_DATA PROVIDED_
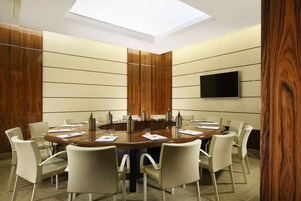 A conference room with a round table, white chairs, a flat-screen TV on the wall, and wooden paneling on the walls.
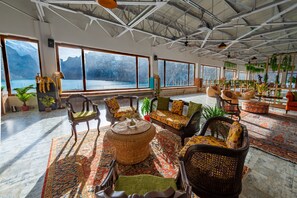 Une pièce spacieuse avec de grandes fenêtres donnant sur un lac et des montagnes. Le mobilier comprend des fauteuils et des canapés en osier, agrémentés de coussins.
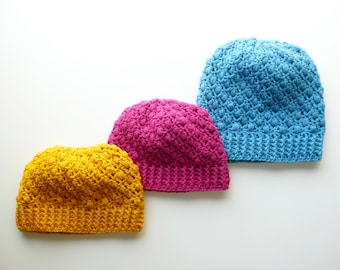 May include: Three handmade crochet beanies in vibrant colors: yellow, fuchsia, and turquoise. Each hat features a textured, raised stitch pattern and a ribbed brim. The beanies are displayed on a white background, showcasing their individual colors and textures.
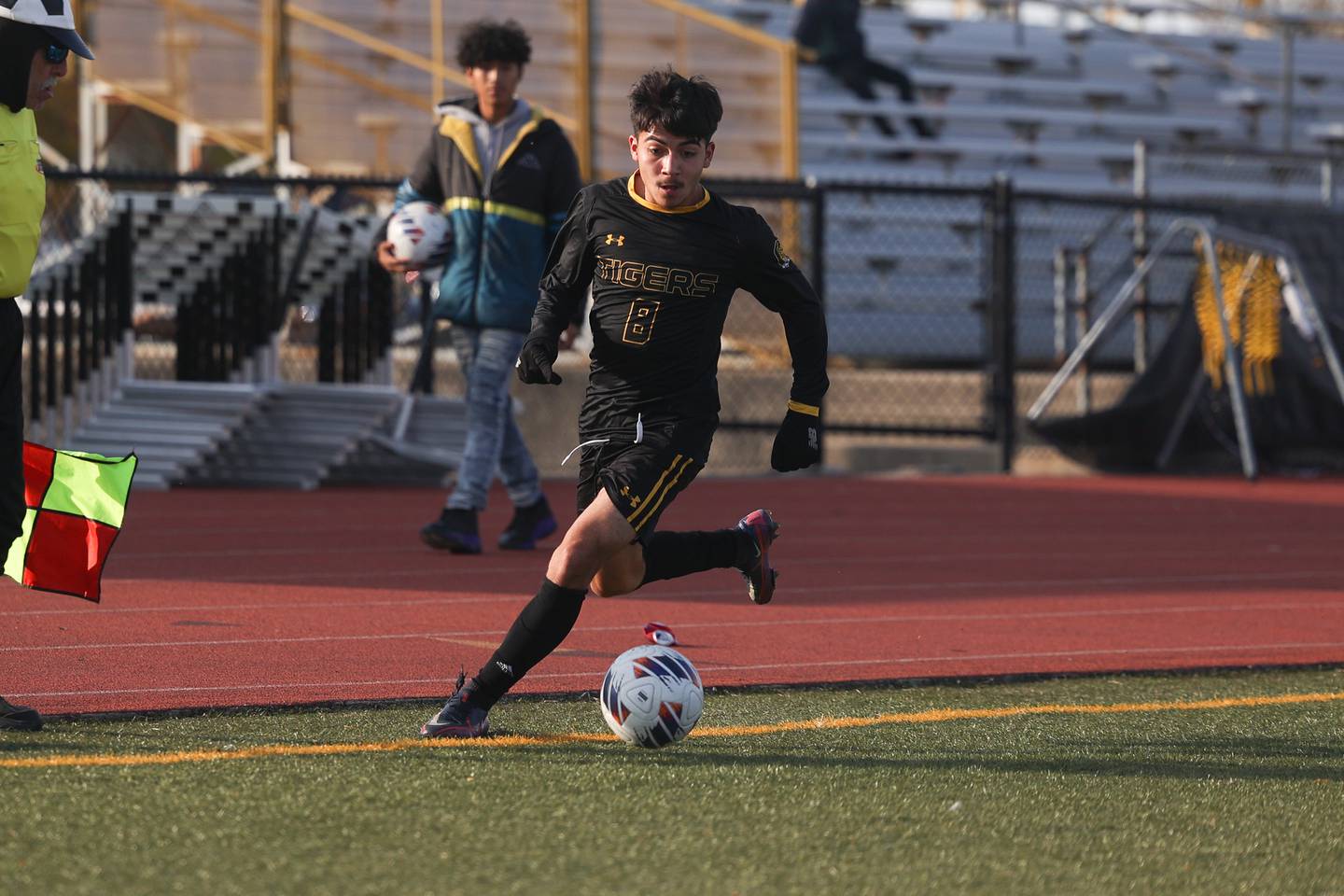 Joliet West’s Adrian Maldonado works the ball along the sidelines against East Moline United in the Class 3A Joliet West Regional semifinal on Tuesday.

_ACTION ITEM_
Return only the lines from the start of the data through the line that contains "Une pièce spacieuse", please, copying them exactly and omitting all pictures.

_ANSWER SECTION_
 A conference room with a round table, white chairs, a flat-screen TV on the wall, and wooden paneling on the walls.
 Une pièce spacieuse avec de grandes fenêtres donnant sur un lac et des montagnes. Le mobilier comprend des fauteuils et des canapés en osier, agrémentés de coussins.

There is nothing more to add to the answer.